Do-Hee keeps turning up at Young-Nam's door in ever-increasing states of distress and dishevelment until Young-Nam is forced to take her in, not entirely to her chagrin but not to her great pleasure either. But eventually a warmth comes to pass between them, and a maternal relationship of sorts is formed.

There are various late-in-the-day revelations, and the plot builds to a conclusion that isn't so much tense as just messy, one where sympathies slide and motivations can only be guessed at; and this is a good thing. Jung's writing and direction is so surehanded that any attempt to have actually explained anything would have been cheap and forced. This is a film with a commitment to reality such that it understand that some motivations are hidden even from those performing the action.

It's also, technically, a very accomplished piece of work with a visual style to match the fairly bleak subject matter.
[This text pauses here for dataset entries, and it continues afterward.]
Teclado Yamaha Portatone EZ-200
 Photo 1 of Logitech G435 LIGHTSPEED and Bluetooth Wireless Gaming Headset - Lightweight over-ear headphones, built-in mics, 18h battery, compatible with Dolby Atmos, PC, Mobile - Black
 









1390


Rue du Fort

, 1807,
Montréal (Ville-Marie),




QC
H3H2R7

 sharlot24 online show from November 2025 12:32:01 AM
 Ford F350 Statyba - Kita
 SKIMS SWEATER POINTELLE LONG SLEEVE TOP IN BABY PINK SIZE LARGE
The score from Yeong-gyu Jang is sparse, with strings and piano chords flaring up quietly and very occasionally, only really coming dominating the soundscape for the finale. And the cinematography from Hyun Seok Kim is wonderfully understated, grim, grey and bar maybe two shots, expressly unvibrant, capturing the sense of place in this town, framing the washing lines, the docks, the stone pier, Do-Hee's red house. It might not be a nice place, but it's a place we come to know.

It does all hinge on the acting, however, and thankfully all three performances work very well; I was particularly impressed by Doona Bae, who gives a composed, dignified performance even as her life, seemingly, falls apart, and she keeps pouring the alcohol. Contrasted with Song's performance as Yong-Ha, also an apparent alcoholic, I was reminded of the maxim from 2005's Capote that two characters grew up in the same house, but one left through the front door and the other through the back.

What's ultimately so effective is that the film consistently trumps audience expectations without every coming across as exploitative or smarmy; every twist seems rooted in what these characters might actually do, and that's the kind of intelligence which is uncommon in movies like this. It might not be a happy film, but it is rewarding, thoughtful, morally cogent, and doesn't disappear after you've left the theatre. It dares to ask, "who do YOU feel sorry for?"